Is that more clear? The continual bleeding of electrons from their orbits around prior neutrons would also be the source for expulsion, and my original point.
rjhuntington
1 / 5 (2) Apr 04, 2010
If stars are powered by nuclear fusion in their cores, why is the Sun's corona hotter than its photosphere? Wouldn't temperature decrease with distance from the core?
Skeptic_Heretic
5 / 5 (1) Apr 04, 2010
If stars are powered by nuclear fusion in their cores, why is the Sun's corona hotter than its photosphere? Wouldn't temperature decrease with distance from the core?
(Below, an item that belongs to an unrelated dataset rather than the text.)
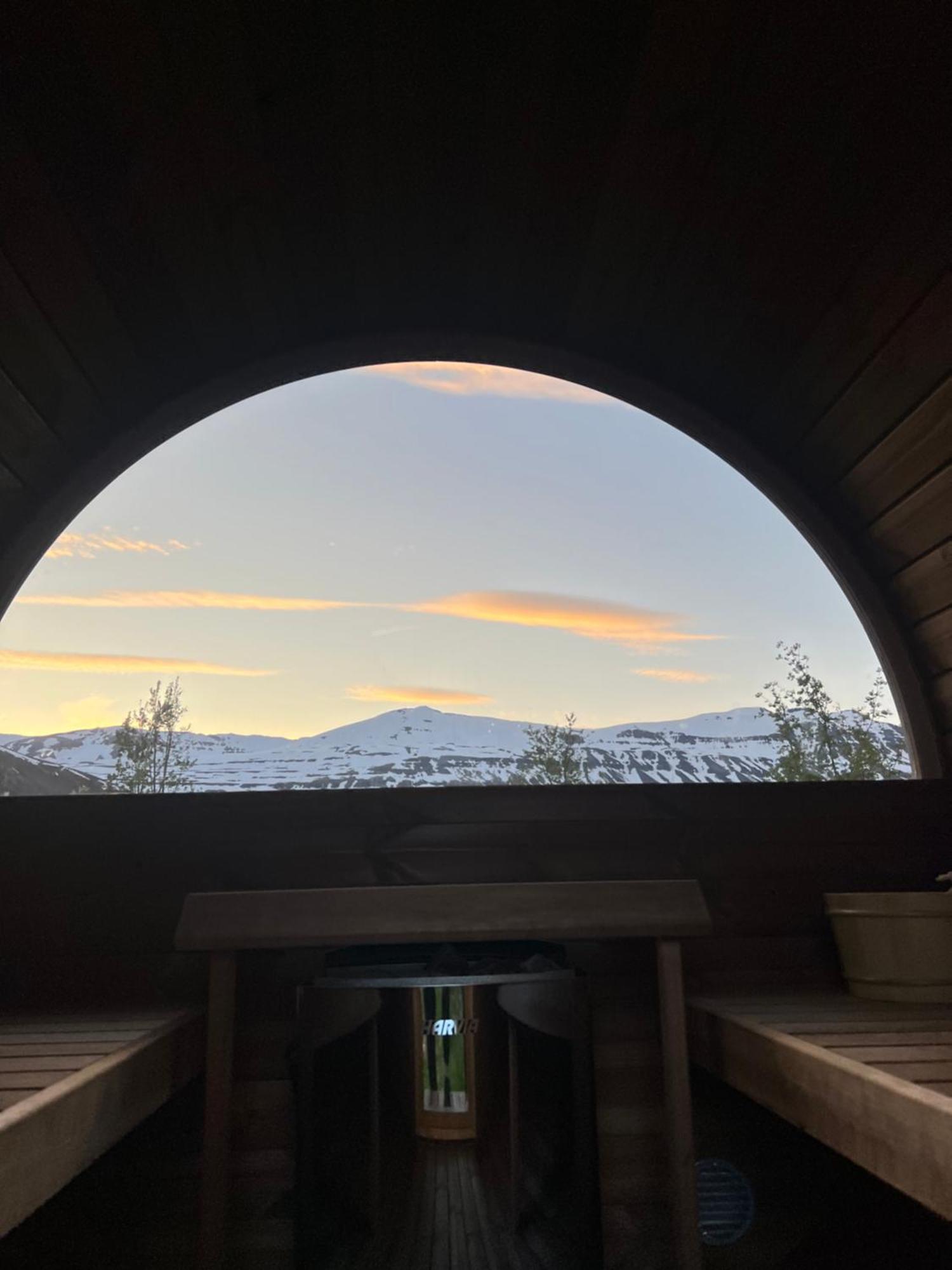 Botnahlid Villa, Mountain And Town Views And Outdoor Sauna Seythisfjorthur Exterior photo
Greater density allows for more efficient conduction and convection. Or at least that's the mechanic I've been lead to believe.
seneca
1 / 5 (1) Apr 04, 2010
I presume, it's rather something like neutrino star. Neutrinos are most lightweight particles of matter, so they could form stars, too.. And they can interact via electroweak interaction only..
kraisar
not rated yet Apr 04, 2010
Ok, so neutrons are baryons, they're being created in massive amount by these processes, in the meantime there are leptons being freed from their electromagnetic prisions due to fusion...

What do you mean? Yes neutrons are baryons but they don't contain electrons or anything like that. The neutrons in a star will probably become bound into nuclei but even if you get a free neutron decaying or spontaneous fission the process is still weak force interactions in which a quark changes into another type of quark by a W boson which then decays into a lepton/neutrino type product. B and L are conserved. They are talking about a much higher energy process (still theoretical) in which some quarks interact with an electroweak boson and changes into some leptons. (specifically they mention a configuration of 9 quarks transforming into 3 anti-neutrinos). It is the much increased interaction cross-section that causes pressure.